I didn’t say anything, my heart was beating too fast, my skin was too prickly and there were tears in my eyes and voice. What I would have liked to say is: “A $50,000 child you will never meet? This probably means that this child’s parents have never really met him or her either. They don’t know what their child’s favorite color is, or what they would like to be when they grow up. If a child’s needs are severe enough to be placed out of district, chances are that child will never be a grown up, but a child forever. I bet that child doesn’t speak, maybe isn’t mobile. These kids are unpredictable, don’t always sleep through the night, require a small army of specialists and doctors.”
As a special needs parent I often feel like we are taking more than our fair share. It is clear in the glares of airline passengers or even glances over magazines in doctors’ offices. I get it, my kid is ruining your peace and quiet. Special needs parents have to develop a thick skin. That’s been a little easier for us because Mae is totally unconcerned about whether or not someone wants to read quietly. If she wants to jump and sing at the top of her lungs, she will do so with abandon…It is her blessing and her curse.
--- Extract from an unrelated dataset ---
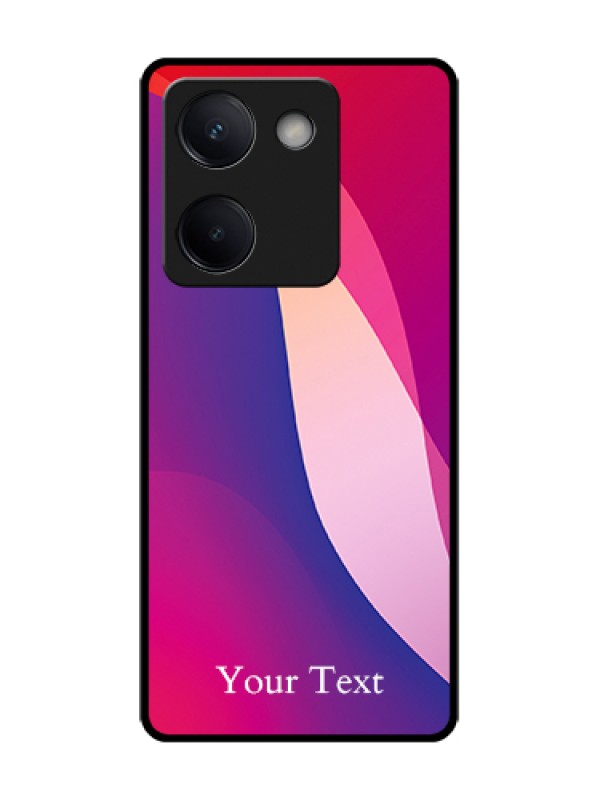 Custom Vivo Y200 Pro 5G Custom Metal Phone Case - Digital Abstract Overlap Design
Mae had a rough start to the week at school, prompting a staff member to say to Colin, “You are lucky she is cute.” Later, when he told me about it, we were laughing, “lucky she is cute? Or else what?”
When you have a special needs child, people say ridiculous things to you all time. My favorite is: “I don’t know how you do it.” As if there were some sort of roadside dropbox I wasn’t taking advantage of. She is my child. I don’t spend my days wishing I could find some reasonable alternative to being her mother.
So, I have been reminded yet again this week how important it is to watch our words, and to remember that you have no idea what someone’s story is just by looking at them. I don’t believe that any of these people meant to do any harm with their words. I also know that whatever people may see when they look at my child is different than what I see. She may be a budget line item to some, or a cute nuisance to others. To me she is magic and fierce. She has an amazing belly laugh and can jump higher than anyone in our family. I don’t know what her favorite color is, but I know she hates jeans. Chances are she will never be an astronaut, an actress, a fairy princess or a veterinarian, but she is my child and she always will be. It is a lesson to tread lightly on ground we have never walked. You never know when you could unwittingly cause pain.